The FTX case is made from the same hardwearing grade of nylon as the FTX shooting seat, it is also the same colour (black) so it nicely coordinates! The padding is high density foam and as well as protecting the sides of the rifle there is also a strip along the bottom of the case that is useful extra protection. A nylon lining on the inside of the case covers the foam and prevents little bits of the foam breaking off and getting onto scope lenses etc. The inside also offers a muzzle cover and strap with Velcro fastenings which are intended to stop the contents sliding around within the case.
Heavy duty zips fasten the two sides of the case together and they move freely without trapping any of the lining. Webbing carry handles are located a the centre of the case that have wrap around padding making carrying a little more comfortable over a longer distance. However if you fancy carrying your rifle even further you could always use the straps located on the side which mean the case can be carried rucksack style. These straps can be stowed away when not in use so they shouldn’t catch on things.

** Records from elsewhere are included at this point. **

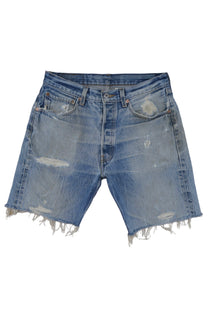 Vintage Levi’s Shorts • 30 mens / 28 wmns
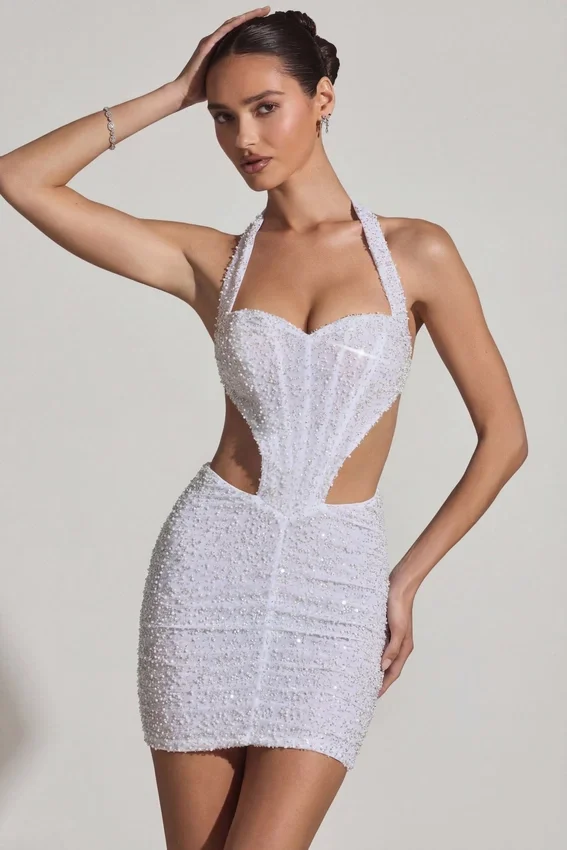 Vestido corto Lucia con escote halter y aberturas decoradas en blanco Vestido corto Lucia con escote halter y aberturas decoradas en blanco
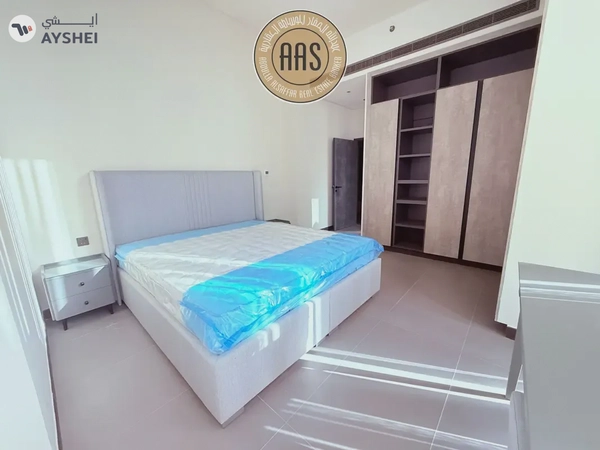 SPACIOUS 2BHK WITH FULLY FURNISHED+MAID ROOM CLOSE TO METRO IN JLT DUBAI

On the opposite side of the case to the rucksack style straps there are four pockets of varying sizes. There is plenty of room in these pockets. Shooters will carry around different pieces of kit depending upon any particular situation but a waterproof could easily be stored leaving room for a few tools etc., in the other pockets. These pockets are also zippered so there is no risk of smaller items finding their way out.

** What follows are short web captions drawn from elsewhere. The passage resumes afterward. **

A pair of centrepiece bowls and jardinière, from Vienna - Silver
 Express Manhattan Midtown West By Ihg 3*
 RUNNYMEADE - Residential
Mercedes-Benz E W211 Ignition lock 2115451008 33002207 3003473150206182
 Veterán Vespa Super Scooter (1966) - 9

Dimensions of the larger FTX rifle case (on test) was 117cm x 34cm approx. The price of both versions of these rifle cases may not be bargain basement, but I feel they offer good value for money at £55.
FTX-G2 4-12x50mm Scope
In recent times riflescopes, particularly those designed for air rifles, have become ever more complex and feature packed. It seems that anything that it is possible to adjust has been given a means of doing so. Turrets have got larger (even lockable), reticules are now more like works of abstract art and you can illuminate it to a brightness of your choosing.

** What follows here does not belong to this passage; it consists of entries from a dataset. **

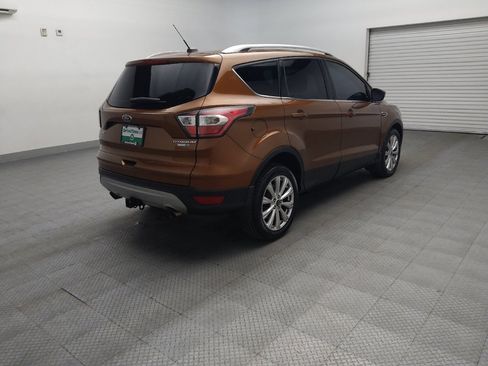 Used 2017 Ford Escape Titanium AWD/4WD image 9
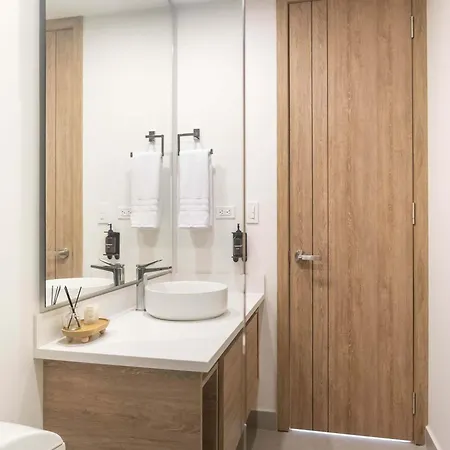 Enchanting 2br With Balcony In Morros Apartamento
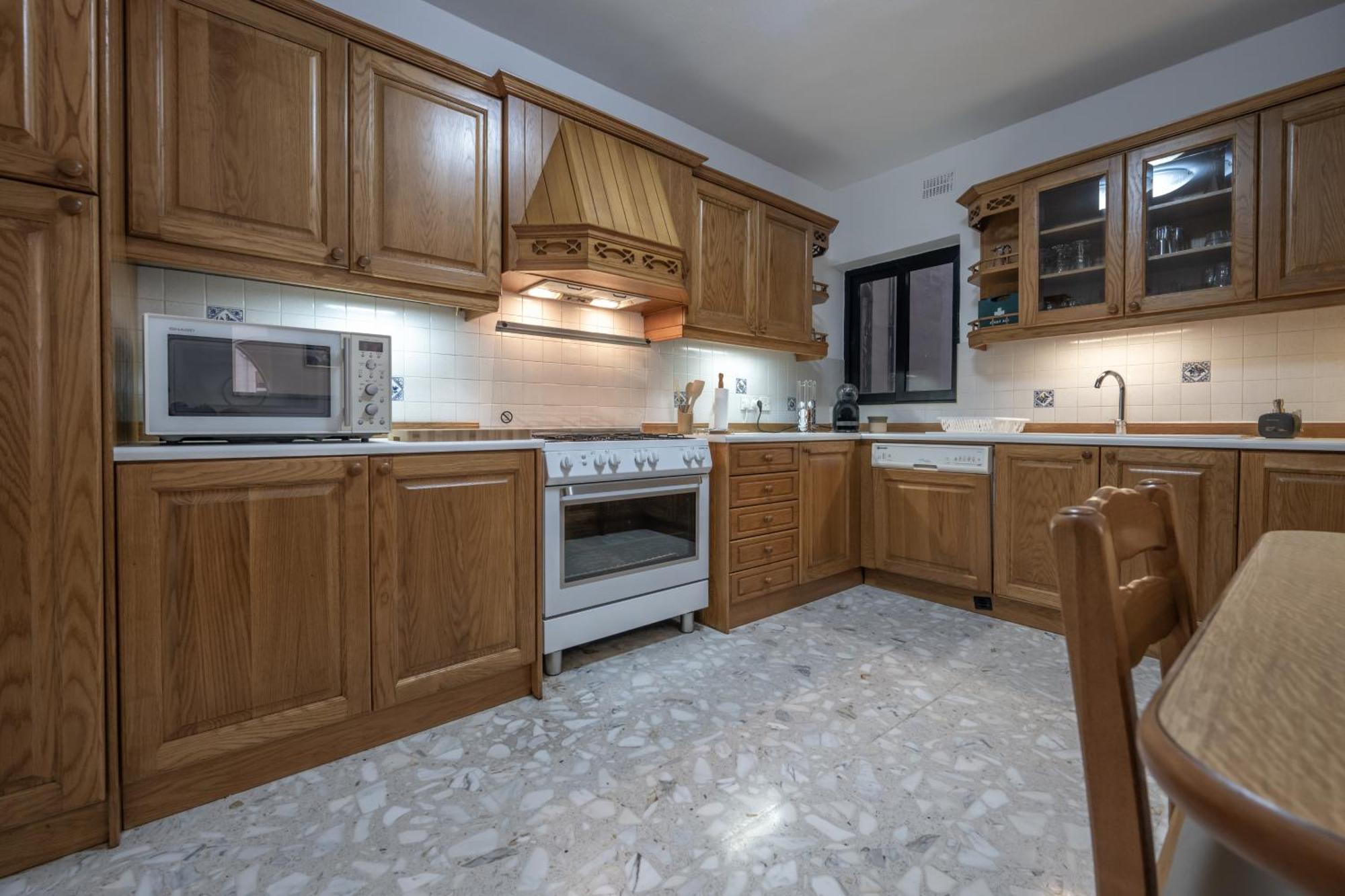 Spacious 3 Bedroom Apartment In The Heart Of St Julians Сент Джулианс Экстерьер фото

Now don’t get me wrong, all these features have a place and it is a good thing that they are attainable at an affordable price. Indeed my current competition scope is feature packed, although it is also true that I rarely use it’s illuminated reticules.
It is quite refreshing therefore to take a look at the FTX-G2 4-12x50 riflescope. Feature packed it is not, but don’t let that cloud your judgement. My first problem is how to review a scope without lots of gadgets attached (quite a reviewer’s nightmare I think you’ll agree). Perhaps I should take a leaf out of the scope’s book and keep it simple.
The specification then is as follows. It has a magnification range from 4 to 12x adjusted via a ring mounted forwards of the eyepiece, which also has a fast focus adjustment. This is a scope for holdover not dialling, as there is no parallax adjustment offered and the focus is set at about 25yards. The relatively low magnification means that the image is clear throughout normal airgun ranges, only for very close shots would you perhaps have to turn down the magnification to its lowest setting. Zero adjustment is offered by low profile turrets, giving ¼ moa adjustment per click. These turrets are covered by weatherproof caps when not in use.
A 30mm body tube and 50mm objective mean the scope is nice and bright and as there is no parallax adjustment on the objective the scope doesn’t look big and cumbersome. The reticule is of a mil-dot style offering plenty of reference points for using holdover, neither too thick or too thin it shouldn’t put anyone off this scope.
Supplied with the scope is a sunshade, flip up lens covers and a set of mounts, making this a complet package for the moderate £70 asking price. Not overly heavy at 580grams the scope measures 34cm (without a sunshade). A black satin finish complements the simple outline of the scope and it will look good on most air rifles.
The FTX-G2 4-12x50 scope is priced at a very reasonable £70.